Thursday, April 8, 2010

FOUNTAIN OF YOUTH?

Ashley today

Ashley at 17

When you are 37 years old and someone mistakes you to be 26: that's a compliment.

When you are 24 years old and everyone mistakes you to be 17: that's NOT a compliment.

At least 2-3 times a week someone comments about my age or asks me how old I am. They believe I am in high school. They believe I am in junior high (yes, many times that one has happened). They believe I am too young to use a credit card. They believe I need parental signatures when signing up for things. This isn't cute. It just isn't. And I think the worst part of all of it is when I correct people on their poor assumptions they just say, "Well take that as a compliment. When you are 30 you're gonna love it." Well I am not 30. Believing that I am a teenager at this point in my life is not a good feeling. So don't tell me that your judgment of my age is anything but a major put down.

Here are just a few of the thousand+ examples I have of mistaken age identity:
  • When I was a sophomore in college I went to visit my dad at his office in Salt Lake. While taking the elevator up to see him one of his partners in the law firm asked me what year I was in school. I told him I was a sophomore. His reply was, "Go Darts!" Ehh, no. That would be Go Cougars! Actual age: 20. Presumed age: 15.

  • During the last semester of my senior year at BYU I interviewed for teaching positions. Some crazy teacher in one of the junior high schools that I went to stopped me in the hallway and asked me what I was doing out in the middle of class. Actual Age: 22 Presumed age: 14.

  • One morning Allison, Cameo, and I went to ask a teacher down the hall a question about his document camera. He wasn't in the room so we just took his out and discussed the pro's and con's about buying them for our department. Well the student teacher walked up and assumed we were all students and told us to, "put that down and do not play with the teacher's equipment." Actual Age: 23. Presumed age: 15.

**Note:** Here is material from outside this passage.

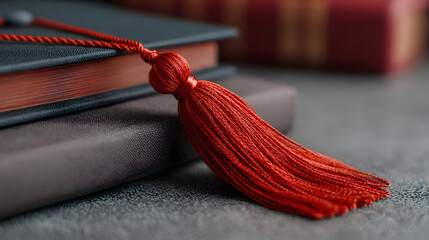A close-up of a red academic tassel resting atop books, symbolizing educational success.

  • Cameo and I took a group of students to Washington, D.C. The best part of the journey there was the fact that we had exit row seats on the plane. Okay, so that was only fantastic until the flight attendant came to inform us that we couldn't sit there because you had to be over 15 to sit in an exit row. Ashley's actual age: 23, Cameo's actual age: 25. Presumed age: 14.

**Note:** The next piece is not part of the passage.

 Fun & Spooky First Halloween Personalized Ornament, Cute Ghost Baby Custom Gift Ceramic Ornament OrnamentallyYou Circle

  • Then yesterday my dad took me to a museum in The Dalles, Oregon. We walked up to the counter and he told the woman at the counter we wanted to see the museum. She said, "okay, just one ticket then?" What? Didn't she see there were two of us? She told us all this week kids under 18 get into the museum for free. I had to do the awkward age correction and inform her that was not case for me. Actual age: 24. Presumed age: 17.

5 comments:

Holly Belnap said...

Thats hilarious! I get that all the time and I hate it!

Alisha said...

Oh Dearest, I love you! This happened to me last week! Someone thought I was Hailee's younger sister... she is 16! Not only am I older than her, but the two brothers in between us as well! Oh dear.

Haskell's said...

Yes! I love it. I got asked yesterday if it was hard being a high school student and having a baby... i said being a teen mom has been really hard, but I just couldn't put him up for adoption! Idiots.

The Sabeys said...

I am right there with you... Allen told someone I was on spring break... oh what high school do you go to? We are TEACHERS! We are professionals... I totally understand the vent.

The Ball Babies said...

Once I was in The Gap trying on some stuff and my oldest (Alyssa) was 11 at the time. The dork who was working there said, "Do you have a daughter who goes to BYU?" Umm. No. I said, "How old do you think I am???" Stupid boy. I get mistaken for being older than I am and I think I would much rather be thought of as younger!!!

Super funny post though! Laughed and loved it!